• Data under study:
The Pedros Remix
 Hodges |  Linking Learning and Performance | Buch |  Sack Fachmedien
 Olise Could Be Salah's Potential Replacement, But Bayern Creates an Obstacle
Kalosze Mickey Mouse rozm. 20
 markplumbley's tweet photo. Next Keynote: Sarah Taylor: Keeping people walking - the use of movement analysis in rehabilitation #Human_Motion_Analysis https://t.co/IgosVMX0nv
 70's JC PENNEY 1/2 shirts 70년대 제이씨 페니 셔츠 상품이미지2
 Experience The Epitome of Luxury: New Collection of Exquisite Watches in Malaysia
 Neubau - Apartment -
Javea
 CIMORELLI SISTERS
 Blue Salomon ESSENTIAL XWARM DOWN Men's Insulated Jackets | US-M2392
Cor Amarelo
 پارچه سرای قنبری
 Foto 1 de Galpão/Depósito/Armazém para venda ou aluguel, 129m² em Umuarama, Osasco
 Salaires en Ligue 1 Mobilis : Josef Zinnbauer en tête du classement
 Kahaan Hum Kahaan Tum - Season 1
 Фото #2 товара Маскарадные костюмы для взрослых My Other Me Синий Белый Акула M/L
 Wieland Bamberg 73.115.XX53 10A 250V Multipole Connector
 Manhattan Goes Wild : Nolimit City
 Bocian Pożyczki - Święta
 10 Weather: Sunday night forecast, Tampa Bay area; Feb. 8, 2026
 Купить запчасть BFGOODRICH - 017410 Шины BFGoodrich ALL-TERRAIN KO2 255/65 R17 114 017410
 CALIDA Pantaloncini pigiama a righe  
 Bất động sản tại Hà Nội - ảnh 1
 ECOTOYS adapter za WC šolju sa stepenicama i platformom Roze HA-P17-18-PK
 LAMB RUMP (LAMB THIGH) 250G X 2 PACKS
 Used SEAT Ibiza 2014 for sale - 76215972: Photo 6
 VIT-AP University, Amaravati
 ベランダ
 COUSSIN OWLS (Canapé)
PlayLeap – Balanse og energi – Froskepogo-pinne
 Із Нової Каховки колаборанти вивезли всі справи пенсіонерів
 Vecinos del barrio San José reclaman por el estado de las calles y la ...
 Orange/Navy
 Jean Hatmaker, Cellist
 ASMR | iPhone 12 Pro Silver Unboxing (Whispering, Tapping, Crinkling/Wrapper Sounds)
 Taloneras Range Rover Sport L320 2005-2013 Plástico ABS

• Required work: The exact lines of the material above starting at the one that contains "ECOTOYS adapter za" and ending at the one that contains "Jean Hatmaker, Cellist" are what to retype; leave out everything else.

• Written solution:
 ECOTOYS adapter za WC šolju sa stepenicama i platformom Roze HA-P17-18-PK
 LAMB RUMP (LAMB THIGH) 250G X 2 PACKS
 Used SEAT Ibiza 2014 for sale - 76215972: Photo 6
 VIT-AP University, Amaravati
 ベランダ
 COUSSIN OWLS (Canapé)
PlayLeap – Balanse og energi – Froskepogo-pinne
 Із Нової Каховки колаборанти вивезли всі справи пенсіонерів
 Vecinos del barrio San José reclaman por el estado de las calles y la ...
 Orange/Navy
 Jean Hatmaker, Cellist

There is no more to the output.